On Monday, France’s data handler issued a penalty of 50 million Euros (USD 57 million) for US search giant Google. It fined Google under the EU’s strict General Data Protection Regulation (GDPR), and it happened for the first time. The news came up that Google was not efficient in providing glassy and easily accessible information on its data consent policies. Hence, it got a recorded fine from CNIL.
According to CNIL, Google users had some problems with understanding as well as managing preferences. They faced issues handling their personal information and the way this information came into use.
A spokesperson from Google stated that the people were seen anticipating high standards of transparency and control from us. He further added that they give firm commitments so that they could meet the expectations and requirements of the GDPR. Google currently is examining to come up with its new move. Sources revealed that the complaints came from two advocacy groups in May 2018.
Among the two charges, one was filed by France’s Quadrature du Net group consisting of 10,000 signatories. The other lodged complaint was by None Of Your Business, owned by Max Schrems, an Austrian privacy activist. Shortly, after this complaint lodging, GDPR came into effect.

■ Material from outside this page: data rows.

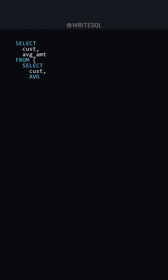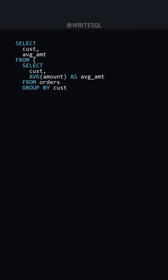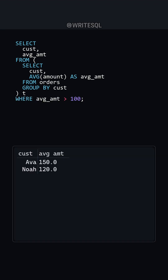Here's where we'll calculate our average amount, and we know this is a subquery because it's a query inside of another query. We're going to query our orders table, and then we have to have our GROUP BY since we're working with an aggregate, and finally we'll filter where the average amount is greater than 100.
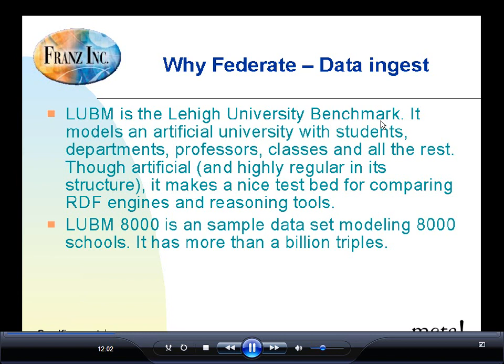Let's look at the data ingest process. The LUBM benchmark — the Lehigh University benchmark — is relatively famous in the Semantic Web world. It's a model of an artificial university with students, departments, professors, and classes. It's a highly regular data set, so it doesn't have to worry about all the complexities of the messy real world, but it does make a great test bed for comparing different RDF engines and reasoning tools. LUBM 50 has around 50 million triples — a nice small data set. And you can scale all the way up to LUBM 8000, which has more than a billion triples in it.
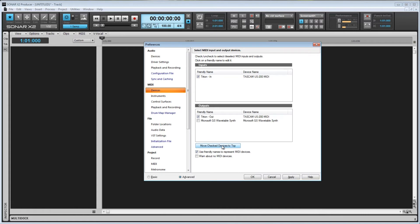Just like with Audio Devices, we have 'Use Friendly Names' to represent MIDI devices. Enable this checkbox if you want the input and output menus of MIDI tracks to display the friendly name of a MIDI device instead of its original name.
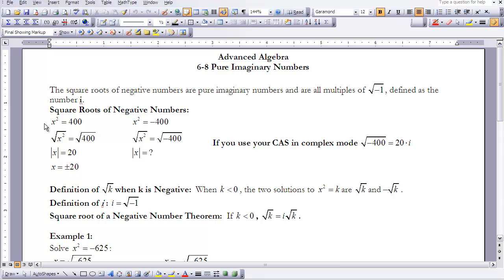Let's take a look at square roots of negative numbers. If I take x² = 400 and solve for x, I take the square root of both sides. The square root of x² is the absolute value of x, and the square root of 400 is 20, so x = ±20. The trouble comes with x² = -400, because up until this point we haven't been able to take the square root of a negative number — real numbers do not evaluate a negative square root.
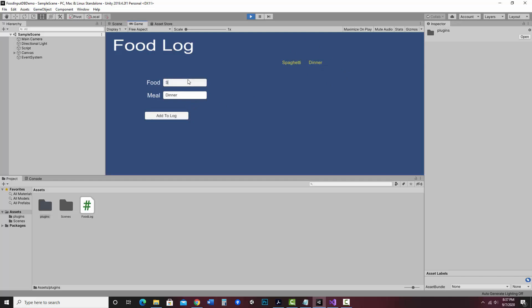Let's say I had spaghetti for dinner — add to log — so it's listing spaghetti and dinner. Maybe I had scrambled eggs for breakfast. Notice it's not coming in first here. How about something for lunch — a sandwich for lunch. Now I have it sorted by meal. Let me add another breakfast item, say bacon. Notice that's also grouped with breakfast, and it's going breakfast, dinner, lunch — simply because of the B, D, and L. So it's alphabetical. If I wanted breakfast, lunch, dinner, I'd have to come up with a different plan.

Google was held responsible for securing “forced consent” through its Android mobile operating software. According to Schrems, Google used pop-up boxes online. It indicated that its services cannot be rendered unless the users accept the provided conditions. According to CNIL too, the information provided by Google was not sufficiently transparent for the users to understand. the legal basis for targeted advertising is consent, and not Google’s legitimate business interests,”
It is not the first time that Google has been asked to work over its policies. In 2014, Google was fined 150,000 Euros for failing to comply with its privacy guidelines for personal data.